The first stage in a succession is known as a pioneer community. For example, there
are relatively
few plants that are able to live under the dry conditions of unstable sand dunes. Marram grass is
often the only plant found growing in such places. The roots of this pioneer plant bind the sand
together. As the sand dunes become more stable, other plants, such as heather, follow the
marram, and provide a more complete plant cover. This heathland community will in its turn be
invaded by shrubs and bushes (such as birch) and ultimately woodland will form. The whole
process may take several hundred years.
The animal communities change along with the plants. Relatively few insects or other
animals are
able to live amidst the open sand dunes. Many more types inhabit the heathland that follows the
dune community, and the woodland may support a great variety of insects, spiders, birds and other
creatures.
Sometimes there is a series of sand dune ridges along a coast, each of a different
age. The ridge
nearest the sea will have been blown there by the wind most recently and is likely to support a
pioneer community. Those a little inland will be clothed with heath, scrub or woodland. Parallel sets
of dunes of this nature exist on the Lancashire coast near Formby and at Studland Heath in Dorset.

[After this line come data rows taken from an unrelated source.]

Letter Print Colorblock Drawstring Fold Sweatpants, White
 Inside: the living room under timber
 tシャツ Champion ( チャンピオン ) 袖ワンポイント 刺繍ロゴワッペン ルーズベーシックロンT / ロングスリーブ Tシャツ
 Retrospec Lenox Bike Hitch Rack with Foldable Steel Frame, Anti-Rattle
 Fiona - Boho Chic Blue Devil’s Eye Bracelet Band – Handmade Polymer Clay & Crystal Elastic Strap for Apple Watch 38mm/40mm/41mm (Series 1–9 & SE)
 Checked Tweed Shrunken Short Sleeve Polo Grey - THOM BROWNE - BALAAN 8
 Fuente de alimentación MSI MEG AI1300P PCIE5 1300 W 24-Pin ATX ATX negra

Changes also occur in a stretch of open water. When a pool first appears - for example,
when a
gravel-pit is worked out and abandoned - water plants such as duckweeds, Canadian pondweed
and water lily are the first to establish themselves. As time passes, however, silt is brought in from
outside the pool and dead plant material accumulates on the pond bottom, so that the pool
gradually gets shallower. Reeds then invade round the edges, and in time the entire pool will
become overwhelmed by reedswamp. Eventually the whole depression is filled with dark peat -
dead plant material.
A Carr, or low tangled woodland with willow and buckthorn, follows the reedswamp community,
and
if the area continues to remain undisturbed, tall oak or ash woodland often represents the last
stage in the succession.
Very frequently, however, a succession is not allowed to follow its full natural course.
For example,
a patch of open water may be dredged before the filling-in process is complete or, as in the Norfolk
Broads area of East Anglia, the reedbeds may be cut as a source of reed for thatching.